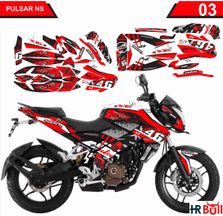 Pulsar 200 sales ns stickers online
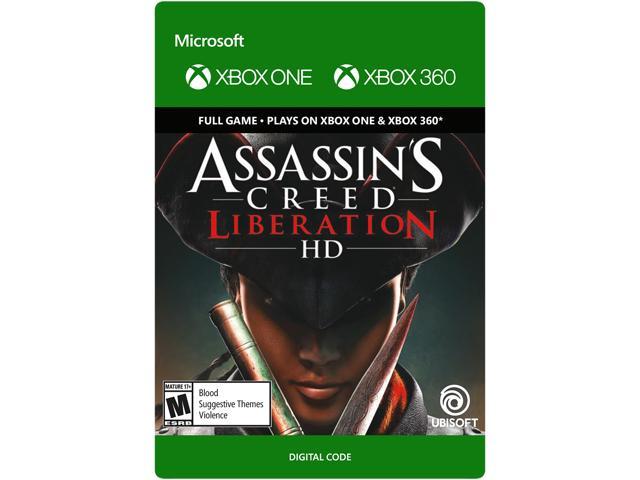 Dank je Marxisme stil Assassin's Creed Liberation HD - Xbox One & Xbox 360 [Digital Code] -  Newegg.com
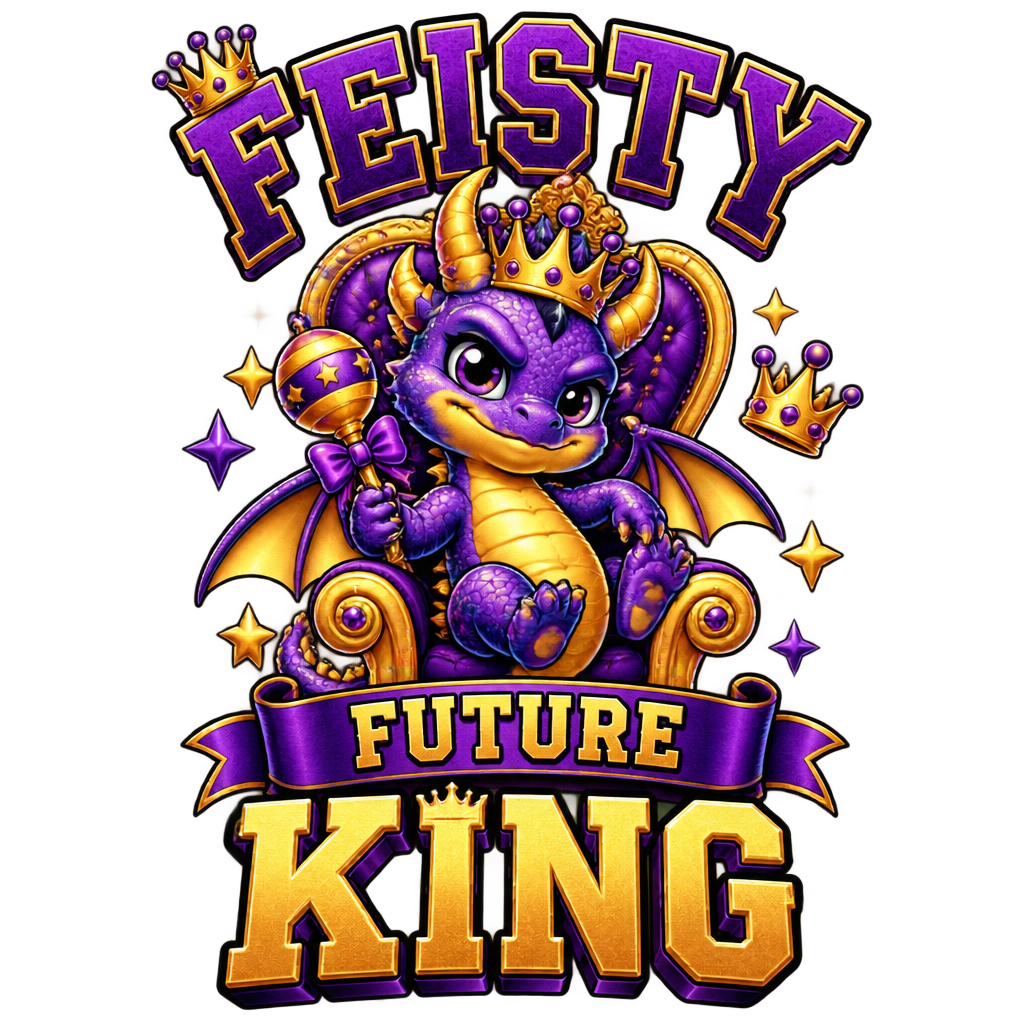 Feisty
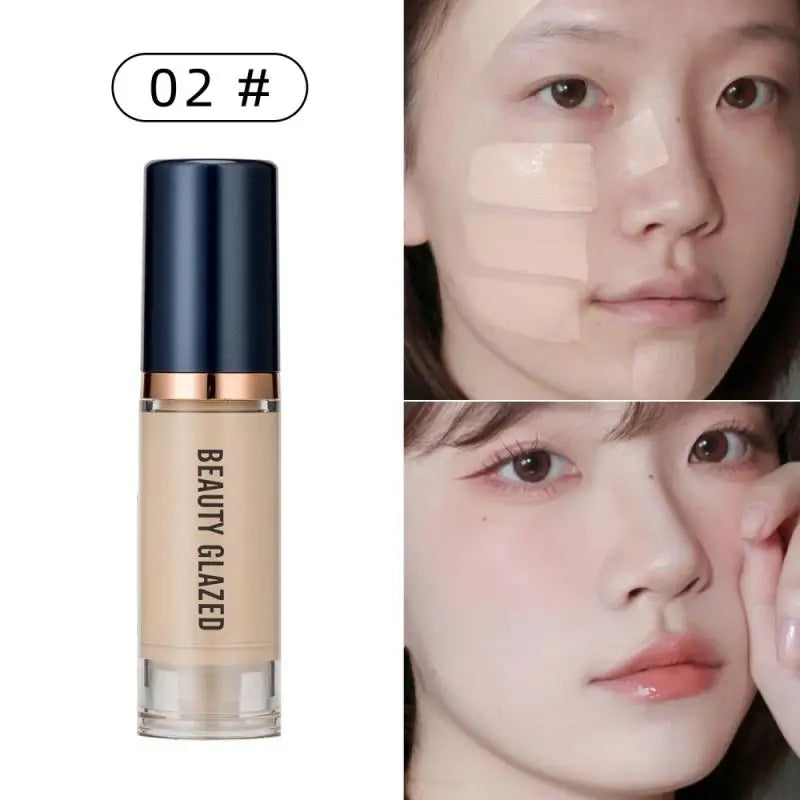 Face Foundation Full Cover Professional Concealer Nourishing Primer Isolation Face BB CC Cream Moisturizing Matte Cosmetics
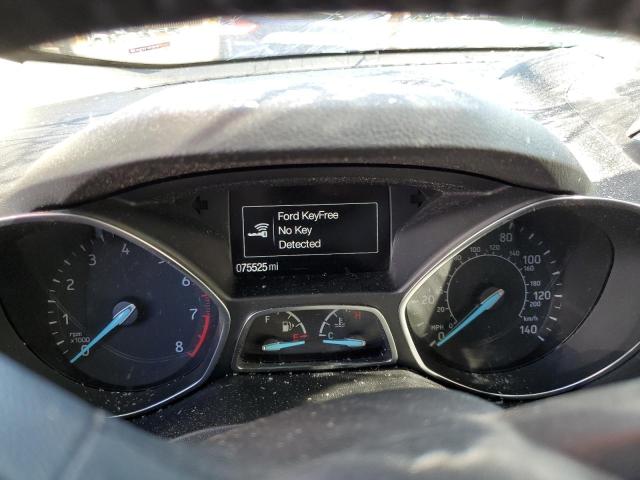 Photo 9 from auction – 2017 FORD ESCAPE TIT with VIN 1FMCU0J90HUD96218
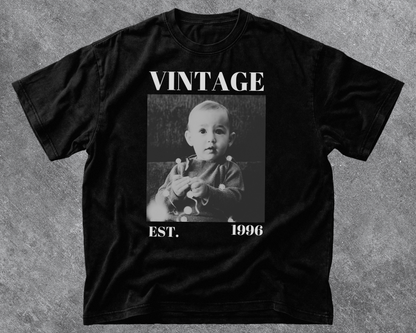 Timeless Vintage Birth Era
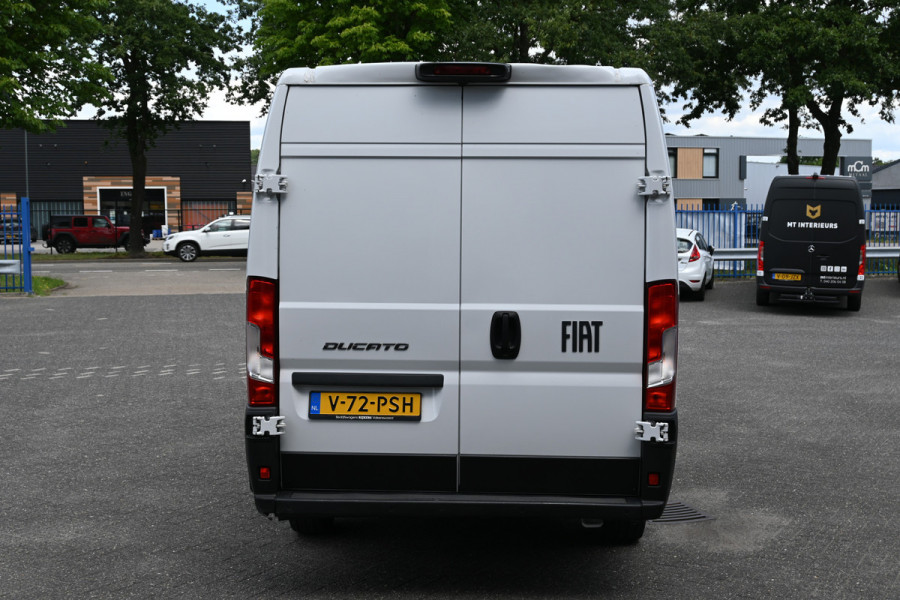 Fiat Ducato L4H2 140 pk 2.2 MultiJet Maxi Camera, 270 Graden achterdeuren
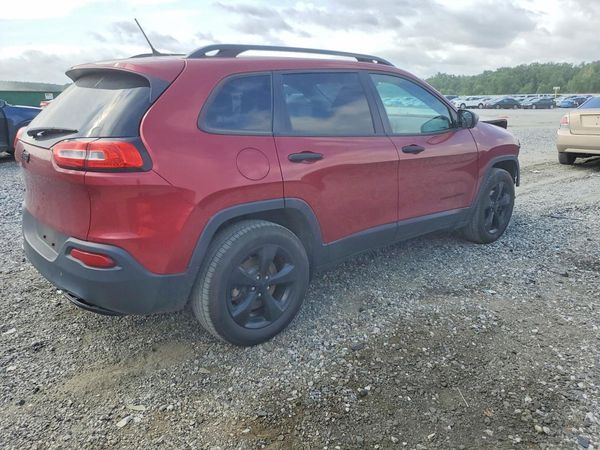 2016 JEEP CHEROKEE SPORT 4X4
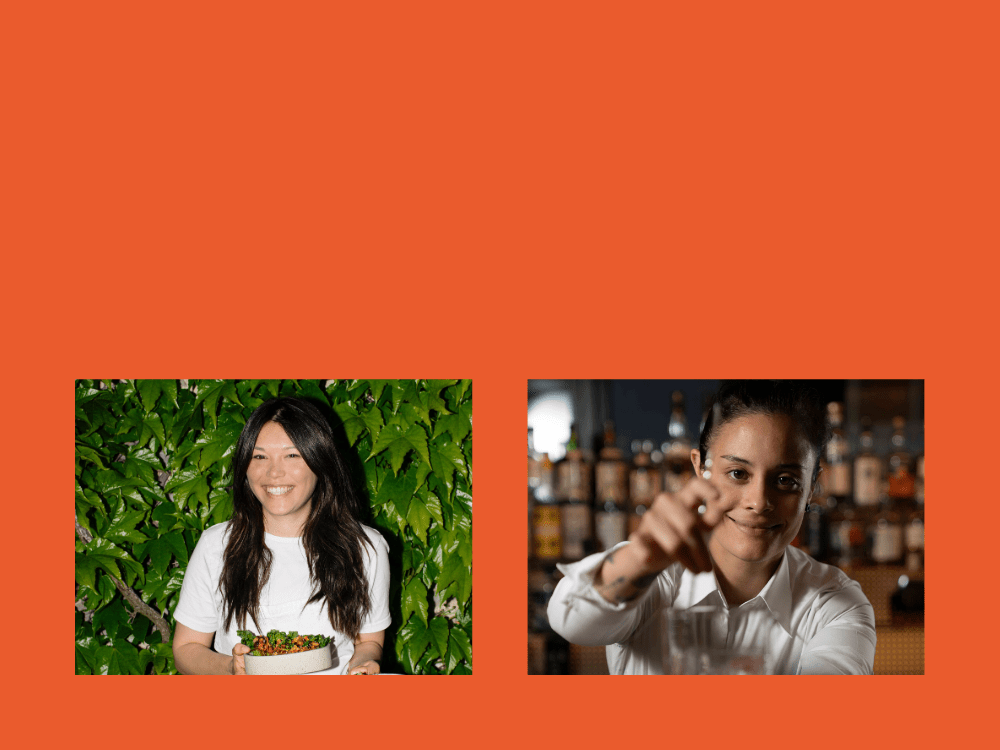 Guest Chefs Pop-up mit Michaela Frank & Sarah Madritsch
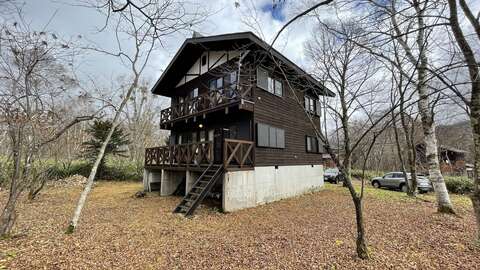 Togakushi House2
# # # # #
Requirement:
The answer must be an exact copy of the records above, with the pictures left out.

Your solution:
 Pulsar 200 sales ns stickers online
 Dank je Marxisme stil Assassin's Creed Liberation HD - Xbox One & Xbox 360 [Digital Code] -  Newegg.com
 Feisty
 Face Foundation Full Cover Professional Concealer Nourishing Primer Isolation Face BB CC Cream Moisturizing Matte Cosmetics
 Photo 9 from auction – 2017 FORD ESCAPE TIT with VIN 1FMCU0J90HUD96218
 Timeless Vintage Birth Era
 Fiat Ducato L4H2 140 pk 2.2 MultiJet Maxi Camera, 270 Graden achterdeuren
 2016 JEEP CHEROKEE SPORT 4X4
 Guest Chefs Pop-up mit Michaela Frank & Sarah Madritsch
 Togakushi House2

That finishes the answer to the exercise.